Councilman Carl DeMaio released five years of personal tax returns Monday, revealing his $2.5 million profit from his 2007 agreement to sell the two companies he founded.
The Republican mayoral candidate released the returns while challenging his opponent, Rep. Bob Filner, to do the same.
“Today I’m releasing five years of my personal tax returns, setting an example as I pledge to create the most open and transparent city government in the nation,” he said.
“Congressman Filner has repeatedly rejected transparency. He has failed the transparency test while he’s tried to hold others to a higher standard.”
In the past, Filner has said he won’t release his tax returns because he doesn't want to compromise the privacy of his ex-wife. Monday, Filner challenged DeMaio to release the tax returns of both his companies and his partner, Johnathan Hale.
"If DeMaio agrees to comply with Nathan Fletcher's original challenge... I will also release my household tax returns which include the details of my former wife's finances, as well," Filner wrote in a statement to reporters, referring to a series of transparency-related challenges made by the independent Assemblyman, who lost in the mayoral primary and whose support both candidates have publicly courted.
DeMaio said he's unable to release the companies' tax returns because they no longer belong to him after the sale. He also said he can't release the purchase agreement because it includes proprietary information relating to the two companies' ongoing strategy.
He released the tax returns Monday, he said, because a 5-year non-disclosure agreement from the sale expired on Sept. 10.
The sales price of DeMaio’s companies has received heavy interest throughout the mayoral race as he’s used his personal wealth to fund his campaign, donating or loaning over $1 million to his official fund and a supporting political action committee.
He said there’s nothing specific he’s curious to see in Filner’s returns — the way others were curious of the sales price of DeMaio’s companies — but said the public has a right to take a look and decide for itself.

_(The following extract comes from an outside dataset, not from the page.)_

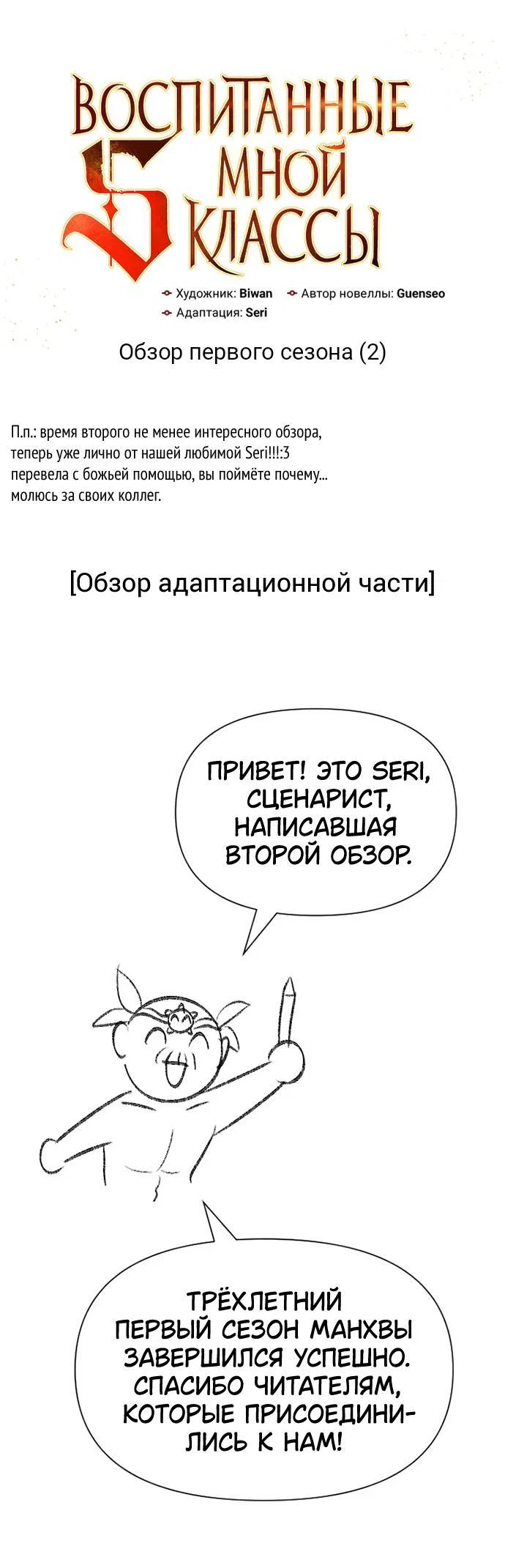 Read Воспитанные мной S-ранги Manga Online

Releasing tax returns has likewise been a high profile issue on the national level, as President Barack Obama and his surrogates have repeatedly asked challenger Mitt Romney to produce more than the two years of tax returns he’s released so far.

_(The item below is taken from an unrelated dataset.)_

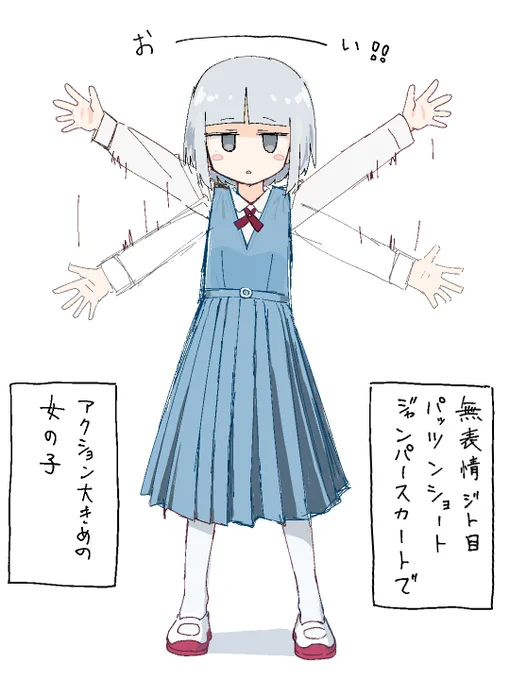 無表情ジト目パッツンショートジャンパースカートでアクション大きめの女の子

DeMaio said the fellow Republican Romney, who DeMaio introduced during a Memorial Day appearance in Balboa Park, should “absolutely” release more years of tax returns.
In 2007, DeMaio agreed to sell the Performance Institute and the American Strategic Management Institute (ASMI).
DeMaio said the companies sold for roughly $6 million, but a profit-sharing deal the company had meant he didn’t receive that amount. His 2007 return shows a $4 million sales price, and $1.5 million in costs associated with the deal (investment brokers, lawyers, etc.), leaving DeMaio his $2.48 million payment. As a result of the sale, he was forced to pay $358,603 in federal taxes that year.
With the Performance Institute, incorporated in 2000, DeMaio gave training seminars on performance based budgeting for public agencies, a field he became accustomed to while working at the nonprofit Congressional Institute.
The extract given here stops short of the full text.